Currently have Michelin tires and prefer not to go that route again. The Energy Savors are wearing out too fast with the amount of driving I do. 

Any thoughts on Good Year? 

Thank You! 

'11 SEL Prem Routan - previous owner of a '09 SEL Routan opcorn:


----------



## Zambee500 (Jun 23, 2011)

You'll have better luck comparing tires for a Chrysler Town & Country Limited (w/ 17" tires) or Dodge Grand Caravan Crew or R/T (w/ 17" tires) to find more online reviews. You may also find other options that fit the Routan that aren't coming up when you search for the Routan. All 3 models are the same vans.

I've seen online reviews that make the Michelin Energy Savers seem almost like they're not quite up to Michelin standards. I put one on when I had sidewall damage to one of the OEM tires. The other 3 OEM tires had about 50% life on them at the time and when it was time to replace the whole set the Energy Saver tire was only 1/12" more tread than the other 3. They do seem to wear fast. 

The Michelin Defender gets great reviews and has a 90k mile warranty compared to the 65k warranty on the Energy Saver. A little bit spendy though at $160/tire - about $25/tire more than the Energy Savers. Michelin is offering $70 rebate card on set of 4, at least at Discount Tire, and my local Discount Tire store has a banner out on top of the building that that says they are matching/doubling mfr. warranties. That would be a good deal.

Discount Tire also exclusively sells the Yokohama YK580 tire, which is comparable specs to the Michelin Primacy line (that isn't made with suitable weight ratings for our vans). I put a set of 4 on both my vehicles a little over a year ago and have been very pleased, but they appear not to have the price break they once did. I think I paid $120/tire with $120 in rebates on full set and the tire was priced significantly lower than the Michelins. It's priced now at a whopping $154/tire. For that I'd go ahead and get the Michelin Defender for $160/tire.

Can't speak to Goodyears, but I saw 2-3 models they sell with really good ratings at a decent enough prices. Not enough to swing me over from the Yokohama though.

Stay away from Bridgestone. They were OEM on the 2009-2010 vans and were terrible. Just terrible ride and noisy and wore fast. Chryco switched OEM suppliers in 2011 to Michelin Energy Savers, and it says something to get Chryco to switch OEM suppliers.


----------



## Steveaut (Sep 16, 2010)

I have a 2010. My Bridgestone's lasted about 38k miles. I thought the ride was bad. I put on Michelin Defenders at Sam's Club. I don't recall the price, but it had $70.00 off. I have about 77k on the Routan now; 39k miles on them. They are about half life. The ride is great. Very smooth compared to the Bridgestones. My Jetta had Bridgestones as well. They didn't last that long, less than the warranty period and the ride was equally rough.

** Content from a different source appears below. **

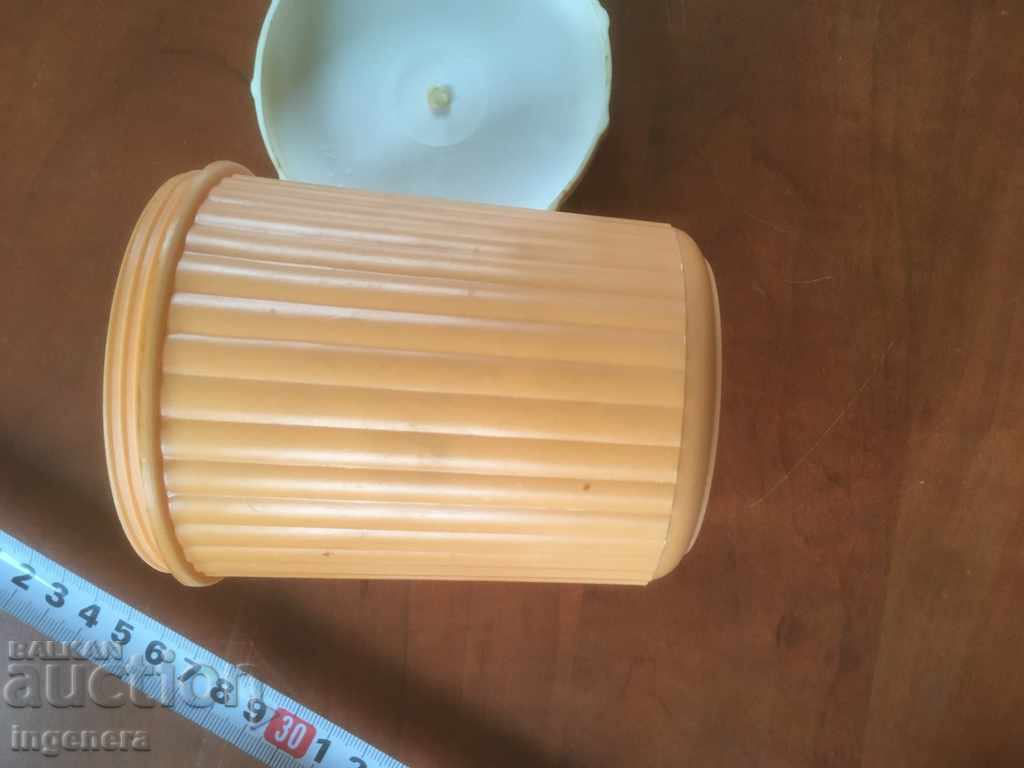 OLD MANUFACTURING PLASTIC PLASTIC BOX - 5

I put on Michelins on the Jetta as well, about the same time. They are doing well. I think I will be sold on Michelins from this point forward. They have lasted, ride is great compared to Bridgestones and they seem to go on sale regular enough at Costco or Sam's Club that save me money.


----------



## cscsc (Jun 14, 2009)

Our SEL went about 50K on the Bridgestones - most I've ever gotten from OEM tires. Switched to the current OEM, the Michelin Energy Saver A/S. Now have 76K and going strong. No complaints about the ride or handling. Would buy them again.


----------



## Volvos Rock (Oct 13, 2011)

Just replaced the crappy Bridgestones at 37k miles with Cooper CS4 touring, very nice and stable ride, excellent in wet and a good looking tire to boot. 


Sent from my iPhone using Tapatalk


----------



## haunted reality (Apr 18, 2001)

I'm needing tires soon too, I'm at 42k. With our winters here in Michigan, I've been debating on sticking with A/S or going with winters. Any thoughts on winter tires for the Routan?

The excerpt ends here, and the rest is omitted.